Happy New Year from Sarah and Tim! Over the holidays, many of you shared with us that you enjoy reading the blog, and we are very appreciative of this. It motivates us to keep photographing and writing about our adventures in birding, so thank you for your support. For our last post in 2014, we’ll go back to the very first day of the year, and show you another unique place to bird in New York City: Floyd Bennett Field in Brooklyn.
On New Year’s Day 2014, the Bird Nerds, a little hungover and tired, bundled up and drove to Floyd Bennett Field in search of Snowy Owls. Last winter a very special event occurred, known as an “irruption” of Snowy Owls. Every couple of decades these beautiful birds descend farther south than usual in large numbers; last year was the largest irruption in a century. There are multiple theories as to why this happens, perhaps the owls have such a successful breeding season in the Arctic the large population needs to travel farther to find adequate hunting grounds. Whatever the reason, we were excited that our interest in birding coincided with this irruption, and we were determined to find them. We read that people spotted them easily at Floyd Bennett Field in Brooklyn and decided to check it out.
Floyd Bennett is an interesting place to bird because of its history. This was the original municipal airport for New York City, opening in 1931, and later taken over by the National Park Service in 1972 when it became part of the Gateway National Recreation Area. Here is a map posted at Floyd Bennett to give you perspective, note the original runways are still intact:
When you drive or walk around Floyd Bennett Field, you can feel the expansiveness of the area. It is one of the only places in New York City with large undeveloped fields, which are situated between the cracking, abandoned runways. The Snowy Owl’s primary habitat is the tundra, so they are attracted to large treeless tracts like airports and barrier islands. On New Year’s Day we explored the area for the first time. (Keep in mind this was before we owned a camera, so our narrative will have to suffice.)
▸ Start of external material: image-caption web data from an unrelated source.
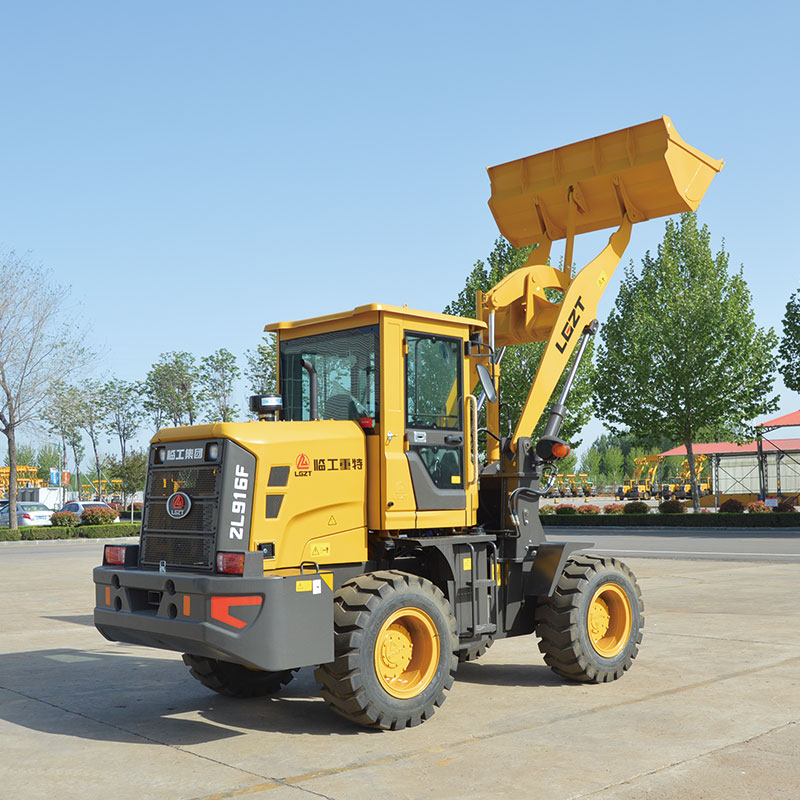 Компактный погрузчик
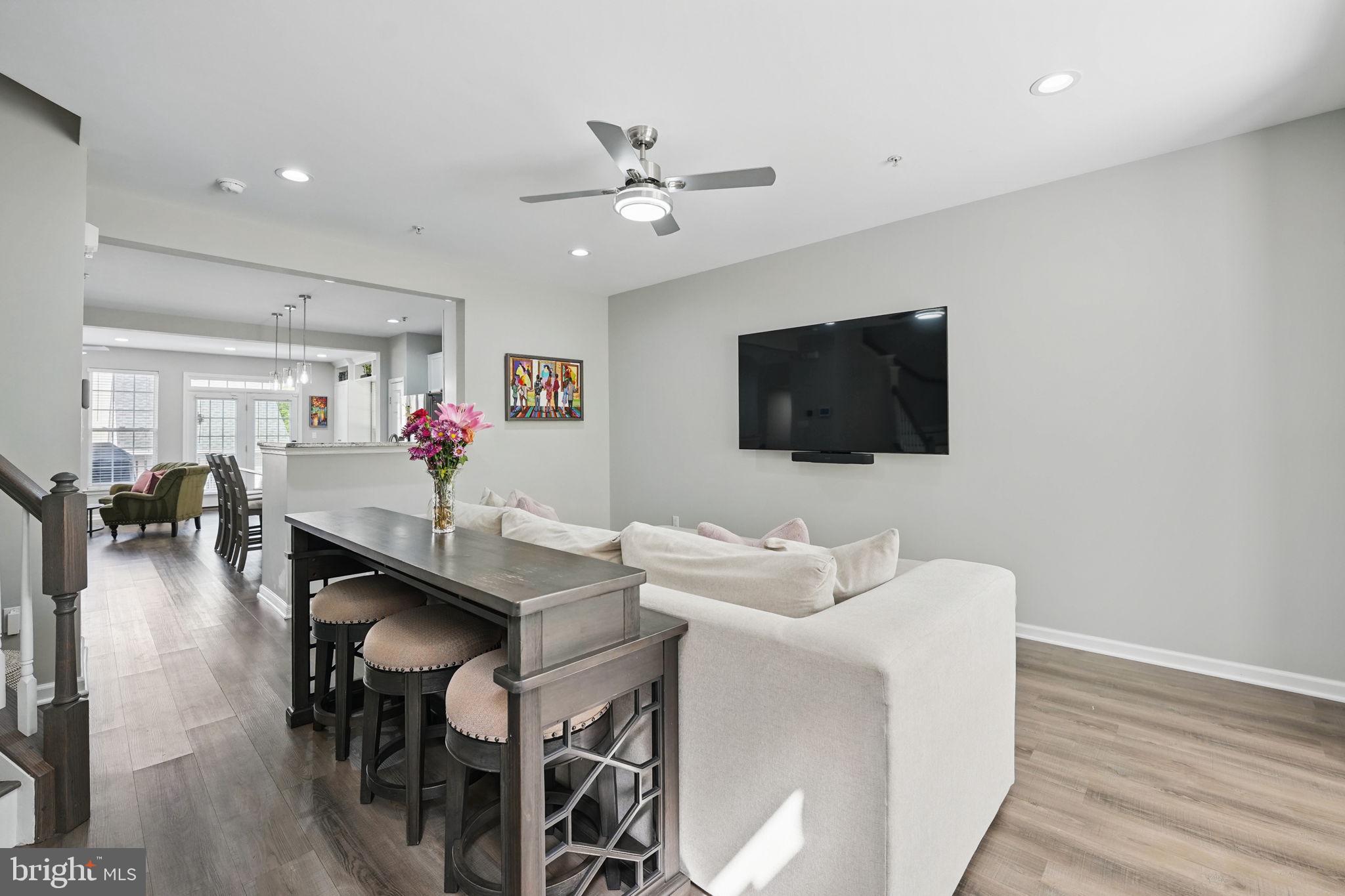 13912 Lullaby Road Germantown, MD 20874 - Photo 5 of 41 Gallery Image 5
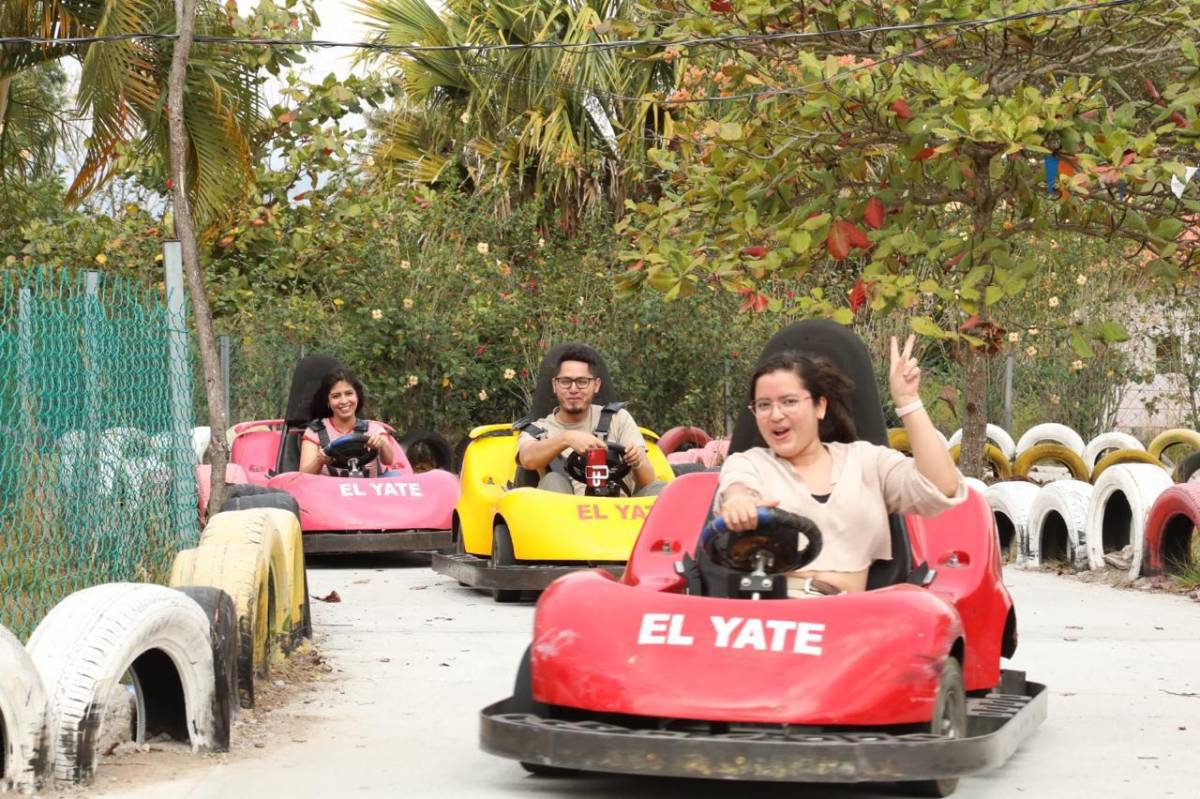 Jóvenes disfrutan de montar carritos en el Aqua Park y Club Campestre El Yate.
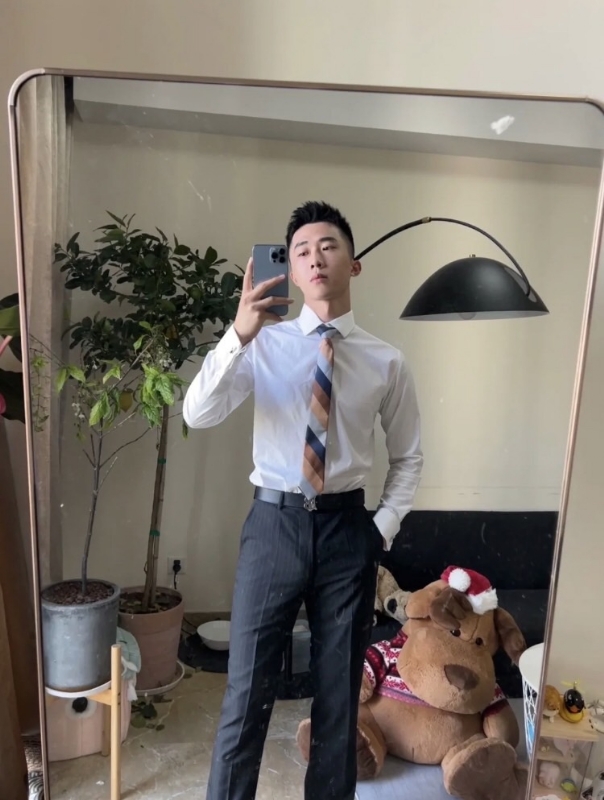 张浩的第一张照片--长泰婚介网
When we first scanned the fields we were deceived by many plastic bags posing as Snowy Owls. You’d be amazed how similar a Target bag in a gentle breeze looks to an owl’s head. Many other birders were looking at the area, when something bright-white caught our collective eye. It was a Snowy Owl, sitting on the ground in the middle of the field. He was far away, but even at this distance you could tell how large and spectacular this bird was. We watched for awhile, during which time the owl did not move except to blink and turn its head slightly; eventually we drove to the bay to look at ducks. After we had our fill of Buffleheads it began to get dark, so we drove back to the fields for one last scan. By this time all the other birders were gone. We drove towards the exit and about 60 feet ahead of us a Snowy Owl was perched right on the guardrail.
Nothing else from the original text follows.